Sebanyak 70% produksi asbes dunia digunakan di Asia, dengan China, India, dan Indonesia sebagai pengguna terbesar. Lebih dari 60 negara telah melarang penggunaan asbes, tetapi Indonesia masih membiarkannya beredar luas. Sekitar 90% asbes yang masuk ke negara ini diolah menjadi atap semen bergelombang, yang justru banyak digunakan oleh masyarakat berpenghasilan rendah. Minimnya akses informasi dan harga yang murah membuat masyarakat masih memilih bahan ini.
Laporan WHO tahun 2020 mencatat 231 kasus baru asbestosis di Indonesia tiap tahun. Meskipun angka ini terlihat kecil, dampaknya sangat nyata dalam jangka panjang. Sejak 2012, LSM Jaringan Indonesia Larang Asbes terus mendesak pemerintah untuk menghentikan impor asbes, tetapi belum ada kebijakan yang tegas. Banyak negara telah melarang asbes, tetapi faktor politik dan ekonomi masih menjadi hambatan utama di Indonesia. Mayoritas asbes di Indonesia berasal dari impor dan melibatkan berbagai kementerian, yang sering kali saling lempar tanggung jawab.

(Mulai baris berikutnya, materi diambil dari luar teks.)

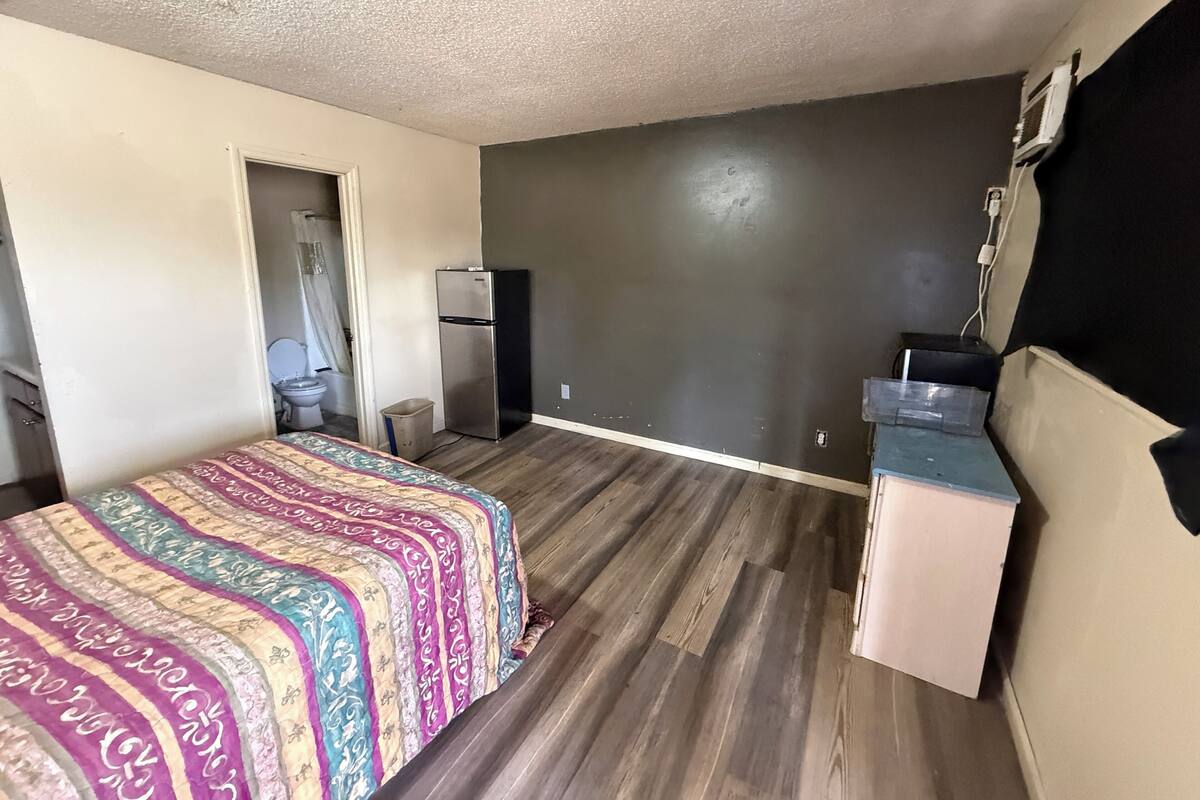 A bedroom with a bed, a refrigerator, a sink, and a mirror.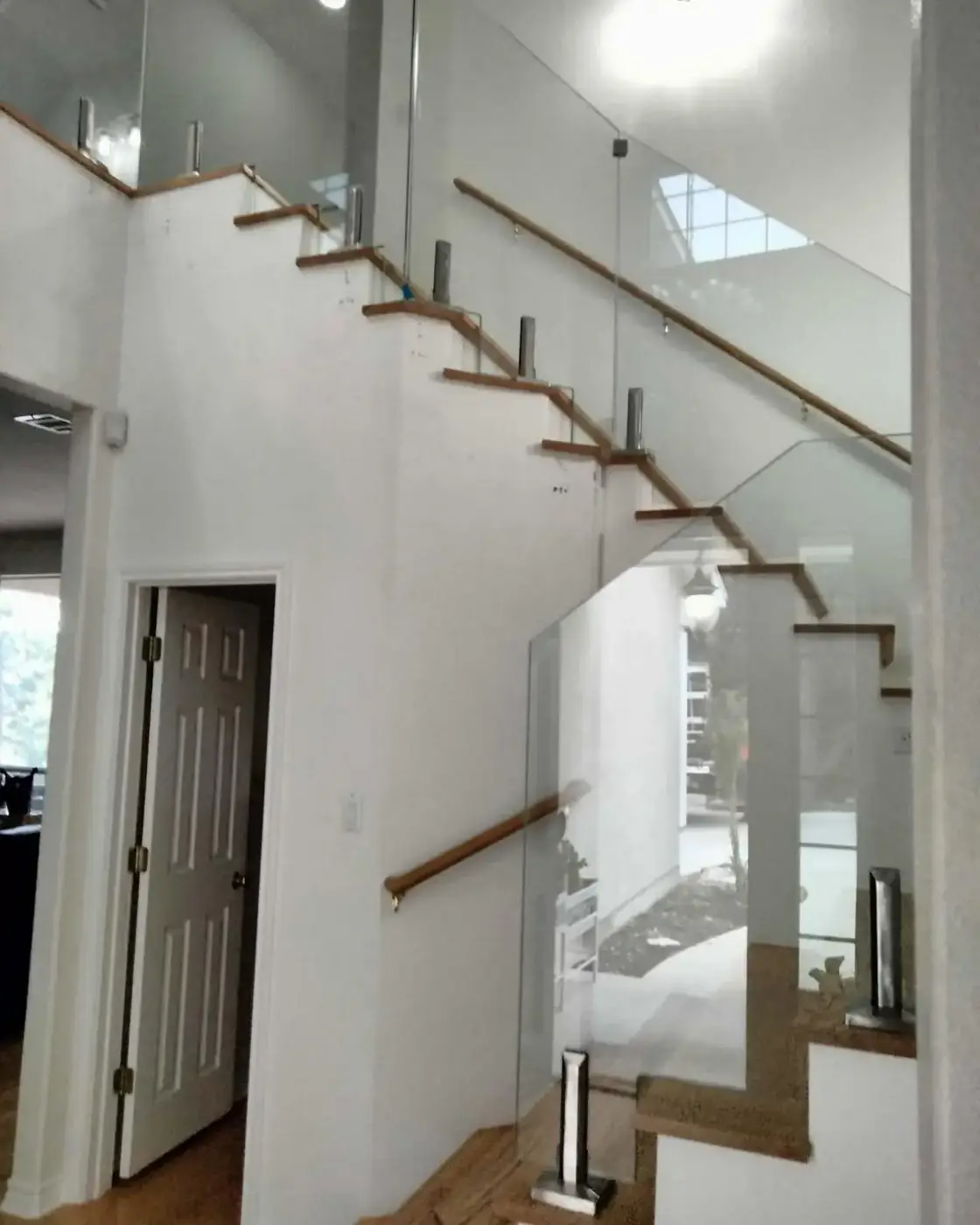 Glass stair railing with wood handrail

Selama aturan belum berubah, langkah pencegahan yang dapat dilakukan adalah mengubur potongan asbes di dalam tanah agar seratnya tidak menyebar ke udara. Sayangnya, hingga kini belum tersedia tempat pembuangan khusus untuk material berbahaya ini. Tanpa tindakan nyata, bahaya asbes akan terus mengintai masyarakat tanpa disadari.
Indonesia masih jauh dari aman. Jangan sampai kita terlambat sadar dan menjadi korban berikutnya!